**Required action**
Your copy must start with the line containing "Fissures traversantes extérieur façade" and end with the last line of the entries, matching them exactly and leaving out every picture.
[Data provided — start]
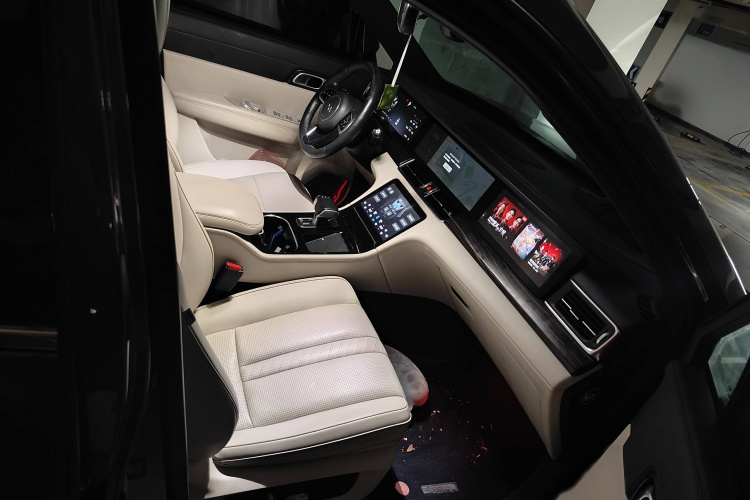 理想汽车 理想ONE 2020款 增程6座版局部细节9005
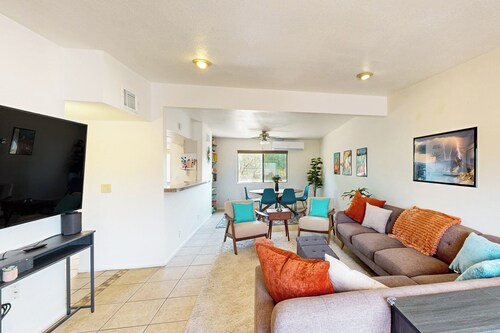 2BR Home w/ Large Fenced Yard, Fire Pit, Dogs OK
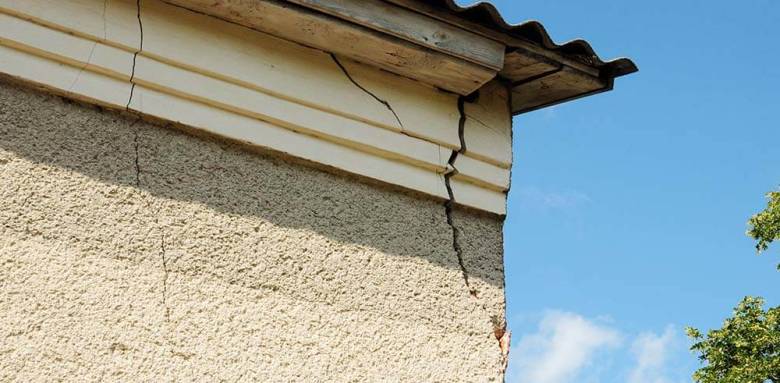Fissures traversantes extérieur façade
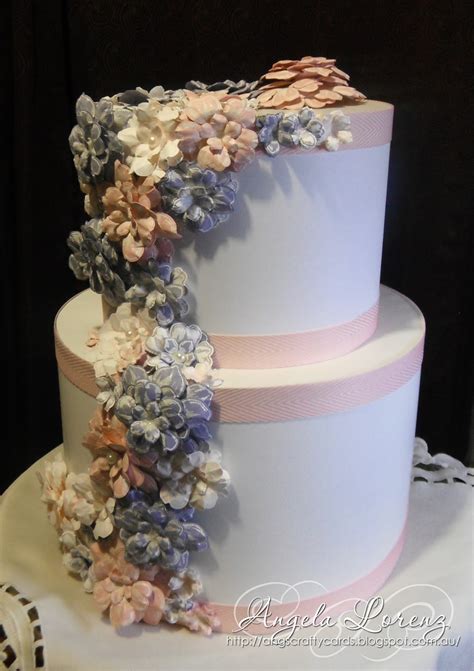 Angela Lorenz: Paper Wedding Cake - Beautiful Bunch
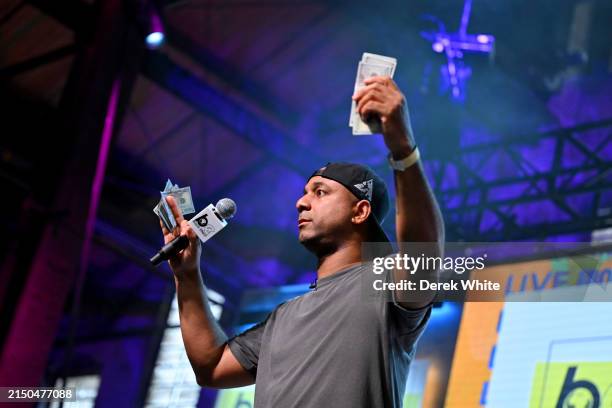 Wallo Rapper 74 Wallo 267 Stock Photos, High-Res Pictures, and Images - Getty Images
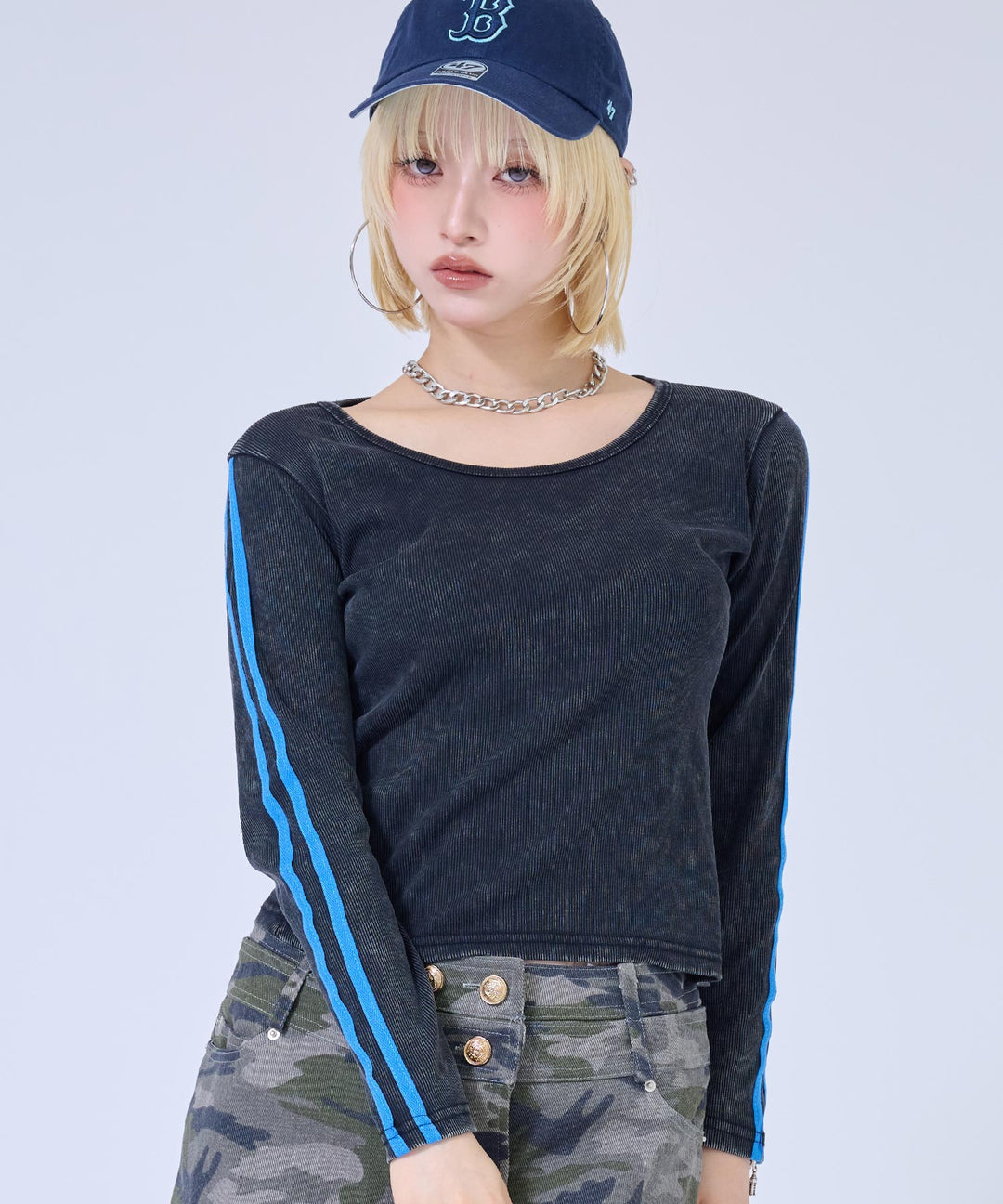 ブラック(身長：約158cm)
[Data provided — finish]
**Exercise answer**
Fissures traversantes extérieur façade
 Angela Lorenz: Paper Wedding Cake - Beautiful Bunch
 Wallo Rapper 74 Wallo 267 Stock Photos, High-Res Pictures, and Images - Getty Images
 ブラック(身長：約158cm)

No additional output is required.